Observation 1: Silhouette Score -> 0.8222222222222223
Observation 2: Silhouette Score -> 0.6666666666666666
Observation 3: Silhouette Score -> 0.4999999999999999
Observation 4: Silhouette Score -> 0.8222222222222223
Cluster C1 Silhouette Score: 0.5833333333333333
Cluster C2 Silhouette Score: 0.8222222222222223


In [41]:
from scipy.spatial import distance

silhouette_scores = []

for i, observation in enumerate(observations):
    cluster_index = assigned_clusters[i]
    if cluster_index == 1:
        other_cluster_index = 0  # Assign the opposite cluster index
    else:
        other_cluster_index = 1

    # Calculate the average distance to other points in the same cluster using the a_fn function
    same_cluster_distances = [
        distance.cityblock(observation, obs) for obs, idx in zip(observations, assigned_clusters) if idx == cluster_index and not np.array_equal(observation, obs)
    ]
    a = sum(same_cluster_distances) / len(same_cluster_distances)

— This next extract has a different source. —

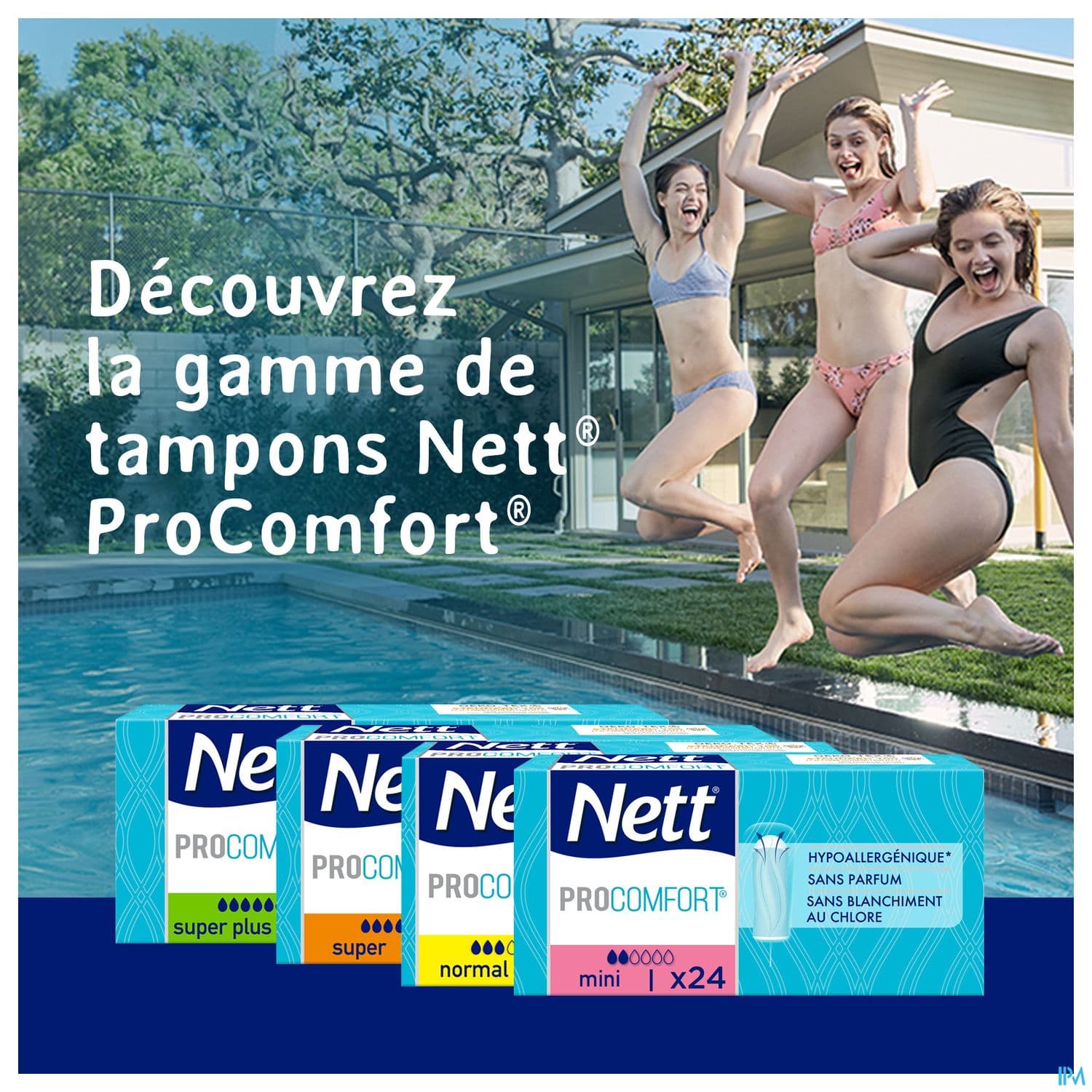 NETT PROCOMF TAMP S/APPLI SUPER+24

    # Calculate the average distance to points in the nearest cluster using the a_fn function
    nearest_cluster_distances = [
        distance.cityblock(observation, obs) for obs, idx in zip(observations, assigned_clusters) if idx == other_cluster_index
    ]
    b = sum(nearest_cluster_distances) / len(nearest_cluster_distances)

    # Calculate silhouette score for the observation
    silhouette = (b - a) / max(a, b)
    silhouette_scores.append(silhouette)

# Print silhouette scores for each observation
for i, score in enumerate(silhouette_scores):
    print(f"Observation {i + 1}: Silhouette Score -> {score}")

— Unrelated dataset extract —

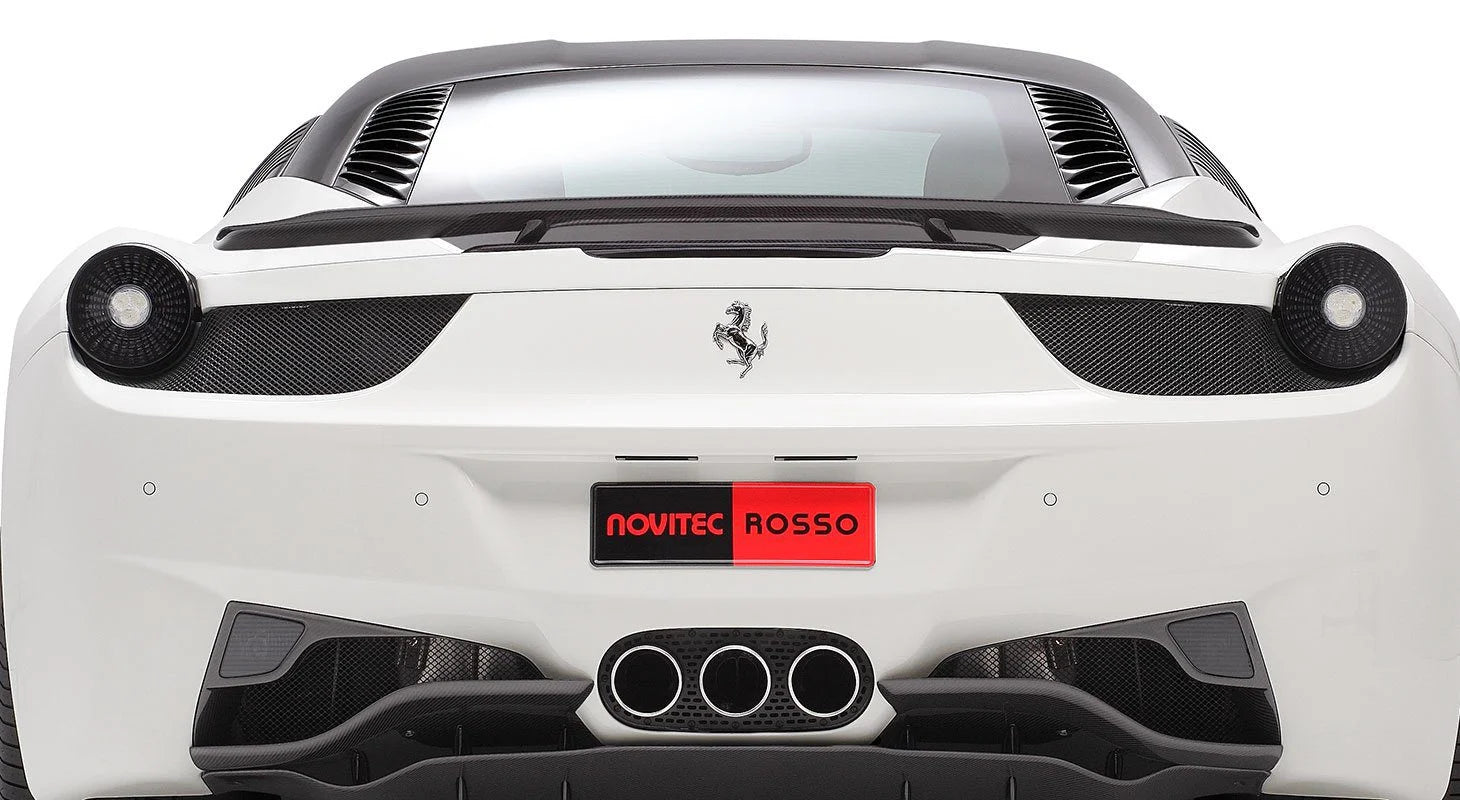 Ferrari 458 | Novitec Black 3rd Brake LED Light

silhouette_cluster_1 = [silhouette_scores[i] for i in range(len(assigned_clusters)) if assigned_clusters[i] == 0]
print("Cluster C1 Silhouette Score:", sum(silhouette_cluster_1)/len(silhouette_cluster_1) )
silhouette_cluster_2 = [silhouette_scores[i] for i in range(len(assigned_clusters)) if assigned_clusters[i] == 1]
print("Cluster C2 Silhouette Score:", sum(silhouette_cluster_2)/len(silhouette_cluster_2) )

Observation 1: Silhouette Score -> 0.8222222222222223
Observation 2: Silhouette Score -> 0.6666666666666666
Observation 3: Silhouette Score -> 0.4999999999999999
Observation 4: Silhouette Score -> 0.8222222222222223
Cluster C1 Silhouette Score: 0.5833333333333333
Cluster C2 Silhouette Score: 0.8222222222222223


### 4) [0.5v] Knowing the purity of the clustering solution is 0.75, identify the number of possible classes (ground truth).

Feita em papel (não necessita de grandes cálculos).